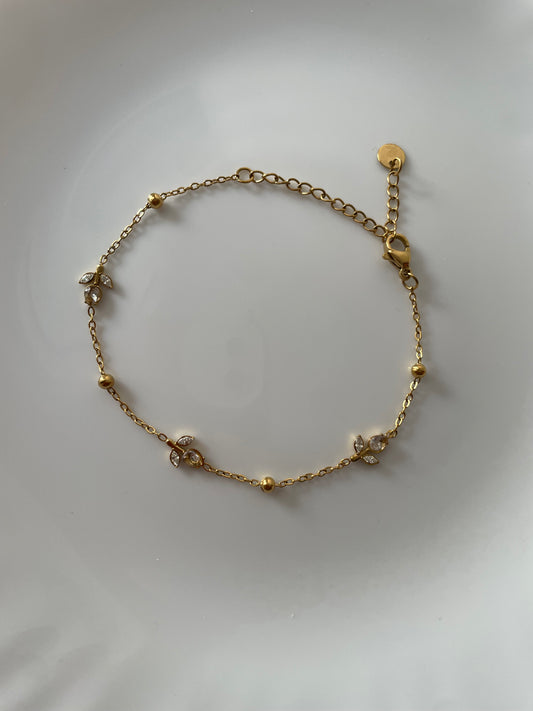Mini Tulip Bracelet (Crystal White)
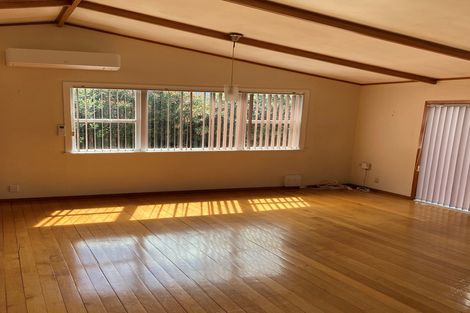 Photo of property in 30 Longburn Road, Henderson, Auckland, 0610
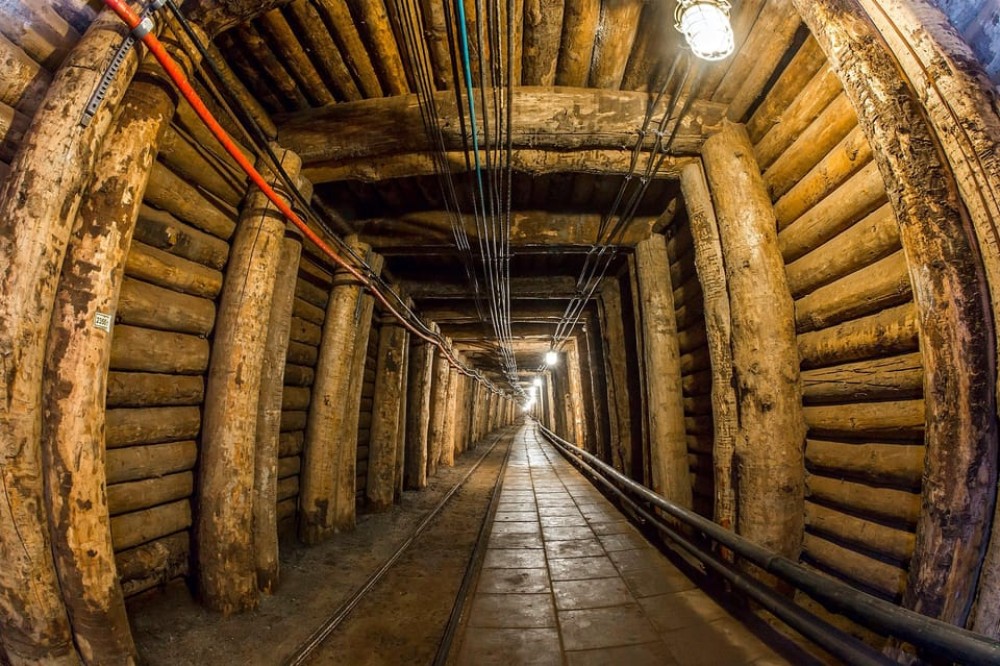 Krakow: UNESCO Underground Boat Expedition & Salt Mine Tour | ®ExcursionMania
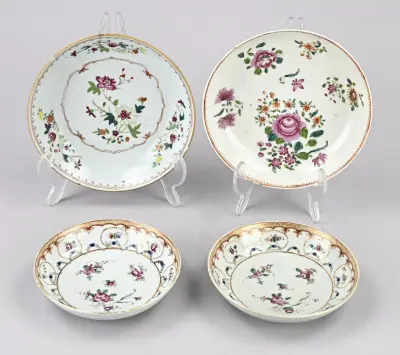 4x Chinese fam. rose schotel Ø 13 - 16,2 cm – kavel bij Twents Veilinghuis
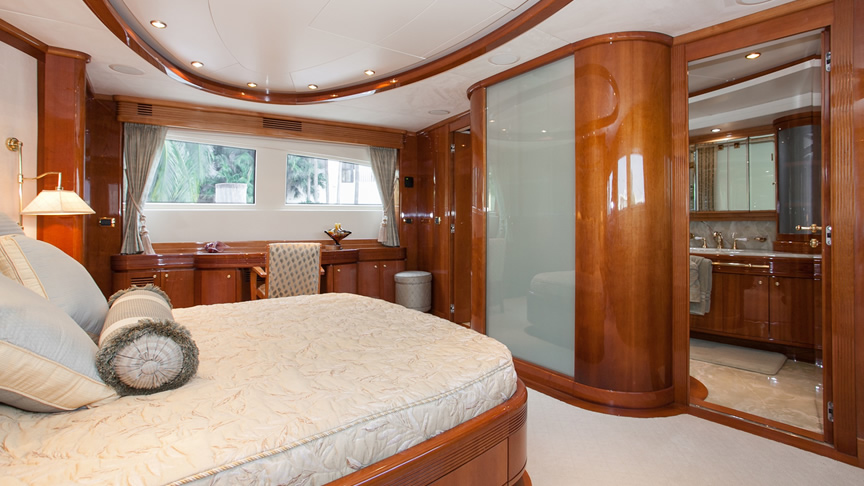 116 Azimut Flawless Yacht - Miami yacht rental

## Task instructions
Your copy should begin at the line containing "Photo of property" and end at the last line of the data above, matching each line exactly and holding no pictures.

## Finished task
 Photo of property in 30 Longburn Road, Henderson, Auckland, 0610
 Krakow: UNESCO Underground Boat Expedition & Salt Mine Tour | ®ExcursionMania
 4x Chinese fam. rose schotel Ø 13 - 16,2 cm – kavel bij Twents Veilinghuis
 116 Azimut Flawless Yacht - Miami yacht rental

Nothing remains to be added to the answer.